A pessoa que foi presa em 2012 em meio ao caos da “cracolândia” já não existe mais. A mulher vítima do “crack” e de uma política proibicionista hipócrita que transforma dependentes em traficantes já não existe mais. Desireè fez o impossível: morreu e renasceu em si mesma. A pena que agora se pretende aplicar, seis anos depois do fato, já não serve para nada.
Ora, se a função da pena de prisão em regime fechado é a ressocialização, conforme enunciam diversas teorias que buscam justificar o encarceramento, no caso de Desireè, ela não faz sentido, pois não foi a prisão que a ressocializou. Ao contrário, foi a exceção de ter a liberdade, em meio a tanta desesperança, que a permitiu, ao lado de seu filho recém-nascido, reconstruir seus laços e afetos. Se recolhida à prisão neste momento, o resultado será desastroso tanto para Desireè quanto para sua família, e o cárcere poderá destruir tudo aquilo que conseguiu, sozinha, construir.

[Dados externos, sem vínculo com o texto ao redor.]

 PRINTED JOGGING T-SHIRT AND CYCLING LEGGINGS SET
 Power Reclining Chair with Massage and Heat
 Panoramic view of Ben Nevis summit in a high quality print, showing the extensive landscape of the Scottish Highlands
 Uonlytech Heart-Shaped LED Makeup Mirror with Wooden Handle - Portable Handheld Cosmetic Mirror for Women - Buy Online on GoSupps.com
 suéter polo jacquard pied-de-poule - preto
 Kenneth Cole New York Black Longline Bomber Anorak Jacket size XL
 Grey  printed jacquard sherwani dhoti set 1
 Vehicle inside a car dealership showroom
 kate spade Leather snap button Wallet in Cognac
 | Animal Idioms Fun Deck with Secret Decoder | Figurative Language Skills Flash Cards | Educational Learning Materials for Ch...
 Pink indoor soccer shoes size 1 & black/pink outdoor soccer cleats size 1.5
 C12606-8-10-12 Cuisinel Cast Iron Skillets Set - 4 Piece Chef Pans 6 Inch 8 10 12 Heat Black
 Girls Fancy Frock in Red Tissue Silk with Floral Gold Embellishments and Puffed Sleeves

E nem se fale na necessidade de punição para Desireè. O crime de que foi acusada e condenada não teve qualquer vítima a não ser ela mesma. Toda a sua trajetória de vida – as ruas, as drogas, a maternidade impedida, as gravidezes reclusa, a prisão preventiva e o tempo de agonia enquanto aguarda o veredito – é uma punição muito maior do que qualquer pena estatal. Desireè foi capaz de retomar a sua vida. Jogá-la agora à miséria que é o cárcere brasileiro não é apenas excesso de punição, é crueldade e irracionalidade.
Desireè precisa ser respeitada. Desireè precisa ser libertada. Desireè precisa ser reconhecida como ser humano e ter garantida sua dignidade. Alternativas à prisão existem e fingir ignorância sobre sua história é apagá-la completamente. As saídas penais e processuais penais disponíveis para se garantir sua liberdade são inúmeras, basta que o Poder Judiciário brasileiro tenha interesse em aplicá-las.
Um processo penal não representa meros fatos, mas pessoas, relações e expectativas. A pena de prisão em regime fechado em torno de um suposto crime que permaneceu no passado não se justifica diante do que essa mulher é hoje.
O mais recente recurso impetrado pela Defensoria Pública, no Superior Tribunal de Justiça, pedindo desclassificação para tráfico privilegiado, foi negado e o Ministério Público Federal fez o pedido de expedição do mandado de prisão, que agora aguarda a posição de ministro. Esperamos, de coração, que sua história seja levada em conta.
*Bruna Angotti é mestre em Antropologia Social, pesquisadora e professora universitária; Carolina Vieira é bacharel em direito e pesquisadora; e Humberto Fabretti é doutor em direito, advogado criminalista e professor universitário.